We’re building Hercules CI, which is a CI for the Nix ecosystem. We’re just opening up preview access and we would love to help with open source projects like Rust.
Hercules CI builds a Nix expression in your repository, so you have to provide one. The community’s carnix tool helps with that.
Going into details about your requirements:
Hard requirements
- The service must be operated by a company we can contact directly for support. Building and maintaining a CI system in a reliable way for a project as big as ours takes a lot of time, especially to test on macOS, and most of the Rust infrastructure team is not paid to work on infrastructure. If the service requires us to use our own servers, the maintenance work we have to do should be minimal.
The CI (scheduling and UI) is hosted. The build agents would be in your hands, easy to manage and deploy because they are disposable and we provide deployment configuration files.
- Support should be direct, prompt (as appropriate), and helpful.
Since we’re just starting out and don’t have a lot of users, we’ll mostly focus helping everyone stabilize their CI. But we’d ask for a transition period to make sure everything works smoothly.
- The service must provide both Linux and macOS machines. Windows support could be nice, but switching away from AppVeyor is not a priority for us.
Nix supports many platforms including Linux and MacOS, but no native Windows support. Hercules will support what Nix supports.
- The service must allow us to increase timeouts and the available resources in the VMs.
- Anecdotally we need at least 4-core machines.
- 14 Windows + 5 Mac + 38 Linux = 57 current builders per PR
Since agents are self-hosted, you can choose whatever configuration you want.

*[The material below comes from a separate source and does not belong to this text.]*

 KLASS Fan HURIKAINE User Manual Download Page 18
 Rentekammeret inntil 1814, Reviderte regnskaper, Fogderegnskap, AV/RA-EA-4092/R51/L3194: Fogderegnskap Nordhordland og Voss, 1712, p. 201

- The service must be able to build and execute Docker containers (or a comparable system for enabling a level of reproducible builds).
We’d recommend using Nix to achieve reproducibility and avoiding containers, but you can build Docker containers with Nix even without using Docker.
- The service should be somewhat established, in the sense that we won’t have to go looking for a new solution in a year.
Nix is 15 years old technology, but the CI will be fresh. It’s written in Haskell and Elm, so we have high confidence.
Nice to have
- Evidence of usage on a project of a similar size to Rust (number of parallel builders, build length)
Sadly, not yet.
- The ability to hook custom hardware up alongside hosted builders. This would allow us to easily add CI for targets that might want to become Tier 1 in the future.
That’s the default. We might add hosted builds later if there’s a need.
- The ability to log into the builders remotely to investigate spurious failures.
They are under your control. Moreover, Nix allows you to build everything locally in the same sandbox so there should be little to no difference between what runs on CI and on developer builds.
- The ability to easily run and debug builds locally (this already mostly possible for the docker-based Linux builds, but support for other platforms would be nice as well).
As said above 
- The ability to share the same plan between multiple orgs (
rust-lang and rust-lang-nursery )
Pricing is per seat, but we’re leaning towards sharing the plan between orgs.
- The ability to prioritize builds from a repo (like rustc) over builds from the other ones.
This is not yet built but planned (not in short term).
- Built-in caching support: rustc doesn’t use it, but if we migrate other repositories away from Travis CI we’re going to need it.
That is already doable with Cachix and you can share all binaries with the world.
- Pay-for-what-you-use rather than a subscription model. We’re somewhat permanently under-utilizing capacity on Travis by design as we don’t want to get clogged, but it means we’re paying a bit more than we otherwise would.
You could configure the agent machines to trigger autoscaling and thus minimize your build costs.